* YOUR OBJECTIVE *
Would you transcribe the entries below, beginning at the line with "2-комнатная квартира ·" and ending after the line with "ebonyendebeest Adult Chat July 18, 2025", exactly, with no picture and nothing more?

* DATA PROVIDED *

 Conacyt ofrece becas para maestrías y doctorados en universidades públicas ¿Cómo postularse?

---

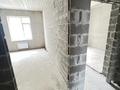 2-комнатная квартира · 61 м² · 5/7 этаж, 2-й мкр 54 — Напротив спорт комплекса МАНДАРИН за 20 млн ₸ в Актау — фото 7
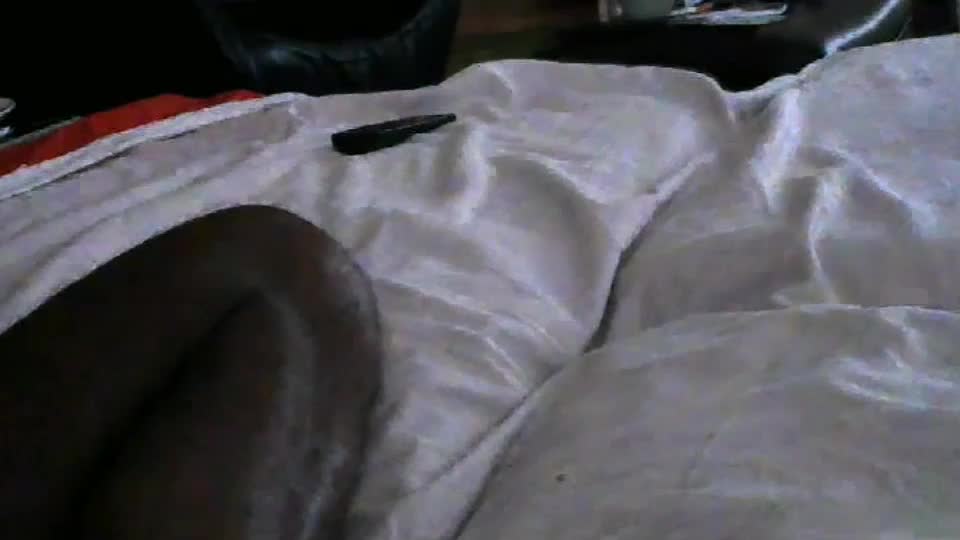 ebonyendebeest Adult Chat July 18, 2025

* * *

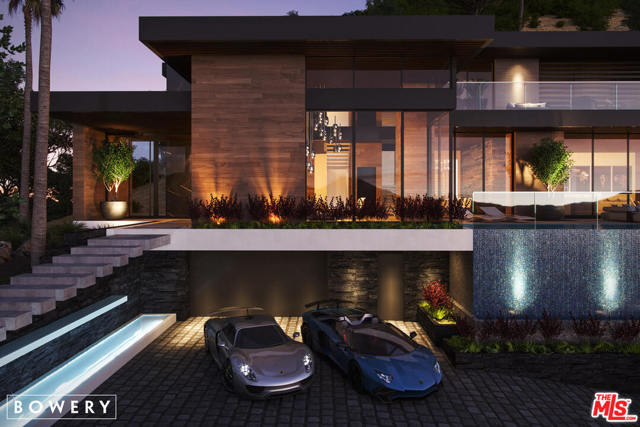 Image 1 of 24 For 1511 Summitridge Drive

* RESULT *
 2-комнатная квартира · 61 м² · 5/7 этаж, 2-й мкр 54 — Напротив спорт комплекса МАНДАРИН за 20 млн ₸ в Актау — фото 7
 ebonyendebeest Adult Chat July 18, 2025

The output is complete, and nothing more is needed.